Leaderboard, taxonomy, and curated list of few-shot object detection papers.

Overview

Awesome Few-Shot Object Detection (FSOD)

Leaderboard, taxonomy, and curated list of few-shot object detection papers.

Maintainers: Gabriel Huang

For an introduction to the few-shot object detection framework read below, or check our our survey on few-shot and self-supervised object detection and its project page for full explanations, discussions on the pitfalls of the Pascal, COCO, and LVIS benchmarks used below, main takeaways and future research directions.

Contributing

If you want to add your paper or report a mistake, please create a pull request with all supporting information. Thanks!

Pascal VOC and MS COCO FSOD Leaderboard

In this table we distinguish Kang's Splits (Meta-YOLO) from TFA's splits (Frustratingly Simple FSOD), as the Kang splits have been shown to have high variance and overestimate performance for low number of shots (see for yourself -- check the difference between TFA 1-shot and Kang 1-shot in the table below).

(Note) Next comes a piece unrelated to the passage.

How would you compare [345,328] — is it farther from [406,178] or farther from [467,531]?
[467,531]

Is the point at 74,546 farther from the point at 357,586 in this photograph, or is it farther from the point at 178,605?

Name Type VOC TFA 1-shot (mAP50) VOC TFA 3-shot (mAP50) VOC TFA 10-shot (mAP50) VOC Kang 1-shot (mAP50) VOC Kang 3-shot (mAP50) VOC Kang 10-shot (mAP50) MS COCO 10-shot (mAP) MS COCO 30-shot (mAP)
LSTD finetuning - - - 8.2 12.4 38.5 - -
RepMet prototype - - - 26.1 34.4 41.3 - -
Meta-YOLO modulation 14.2 29.8 - 14.8 26.7 47.2 5.6 9.1
MetaDet modulation - - - 18.9 30.2 49.6 7.1 11.3
Meta-RCNN modulation - - - 19.9 35.0 51.5 8.7 12.4
Faster RCNN+FT finetuning 9.9 21.6 35.6 15.2 29.0 45.5 9.2 12.5
ACM-MetaRCNN modulation - - - 31.9 35.9 53.1 9.4 12.8
TFA w/fc finetuning 22.9 40.4 52.0 36.8 43.6 57.0 10.0 13.4
TFA w/cos finetuning 25.3 42.1 52.8 39.8 44.7 56.0 10.0 13.7
Retentive RCNN finetuning - - - 42.0 46.0 56.0 10.5 13.8
MPSR finetuning - - - 41.7 51.4 61.8 9.8 14.1
Attention-FSOD modulation - - - - - - 12.0 -
FsDetView finetuning 24.2 42.2 57.4 - - - 12.5 14.7
CME finetuning - - - 41.5 50.4 60.9 15.1 16.9
TIP add-on 27.7 43.3 59.6 - - - 16.3 18.3
DAnA modulation - - - - - - 18.6 21.6
DeFRCN prototype - - - 53.6 61.5 60.8 18.5 22.6
Meta-DETR modulation 20.4 46.6 57.8 - - - 17.8 22.9
DETReg finetuning - - - - - - 18.0 30.0

Few-Shot Object Detection Explained

We explain the few-shot object detection framework as defined by the Meta-YOLO paper (Kang's splits - full details here). FSOD partitions objects into two disjoint sets of categories: base or known/source classes, which are object categories for which we have access to a large number of training examples; and novel or unseen/target classes, for which we have only a few training examples (shots) per class. The FSOD task is formalized into the following steps:

  • 1. Base training.¹ Annotations are given only for the base classes, with a large number of training examples per class (bikes in the example). We train the FSOD method on the base classes.
  • 2. Few-shot finetuning. Annotations are given for the support set, a very small number of training examples from both the base and novel classes (one bike and one human in the example). Most methods finetune the FSOD model on the support set, but some methods might only use the support set for conditioning during evaluation (finetuning-free methods).
  • 3. Few-shot evaluation. We evaluate the FSOD to jointly detect base and novel classes from the test set (few-shot refers to the size of the support set). The performance metrics are reported separately for base and novel classes. Common evaluation metrics are variants of the mean average precision: mAP50 for Pascal and COCO-style mAP for COCO. They are often denoted bAP50, bAP75, bAP (resp. nAP50, nAP75, nAP) for the base and novel classes respectively, where the number is the IoU-threshold in percentage.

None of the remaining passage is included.